Despite the honeyed words which regularly emanate from the EU about reducing – or even eliminating – export subsidies, it has once again shown its true colours.
Faced with a surplus of grain on the world market, with production expected to reach a record 621 million tons in 2004-2005, 13 million tons more than forecast consumption, the EU has reintroduced export subsidies on grain, in anticipation of a price slump on the world market.
Australia, which is the world's second-largest wheat exporter, has registered its "serious concern'' with EU trade commissioner Peter Mandelson in Davros. And prime minister John Howard has lashed out at the EU, saying the subsidies runs counter to all the rhetoric at the World Economic Forum of more open trade. "If this is their idea of more open trade then Australia is deeply disappointed," he said.
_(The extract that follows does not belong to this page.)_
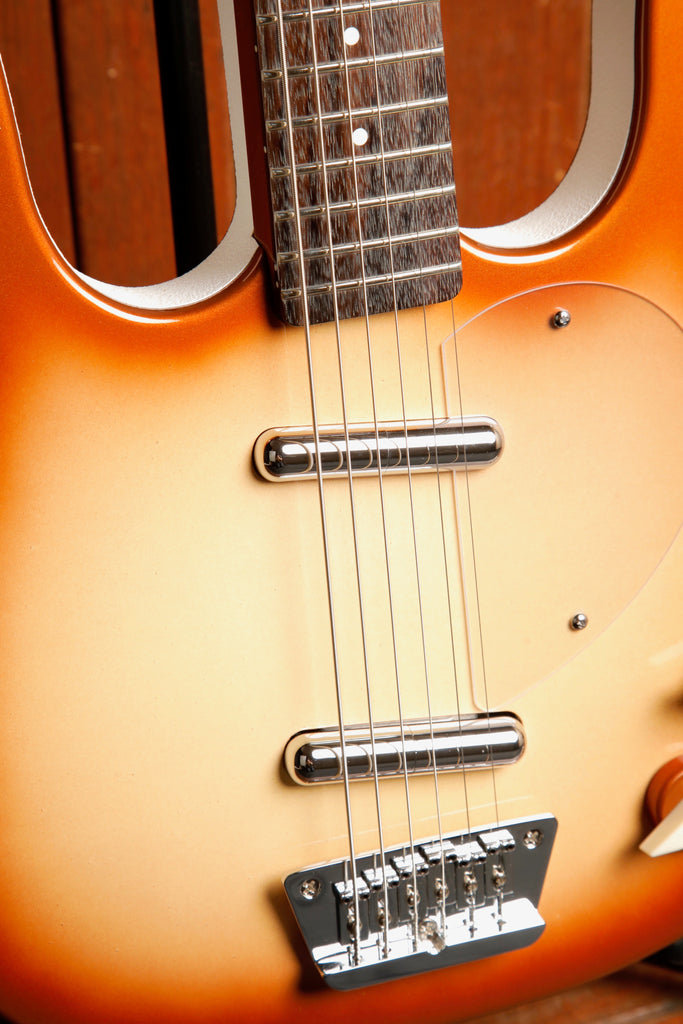 Danelectro Longhorn Baritone Copper Burst Electric Guitar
The subsidies do in fact go against the EU’s commitment to eliminate export subsidies, introduced because EU and U.S. exporters are facing more competition from cheaper grain from Argentina and former Soviet Union countries. Their larger harvests have swelled global output to a record, causing wheat prices to fall 24 percent on the world market.
The fear is now that the US might retaliate with its own subsidies, which could send prices into free-fall.
David Ginns, chief operating officer of the Australian Grains Council, a lobby representing the country's 30,000 grain farmers, summed up his members’ feelings: "These export subsidies are a sop to the European farm lobby,'' he said. They show that the EU has yet to be genuine "about its often-stated desire to control its massive domestic and international market corrupting subsidy program."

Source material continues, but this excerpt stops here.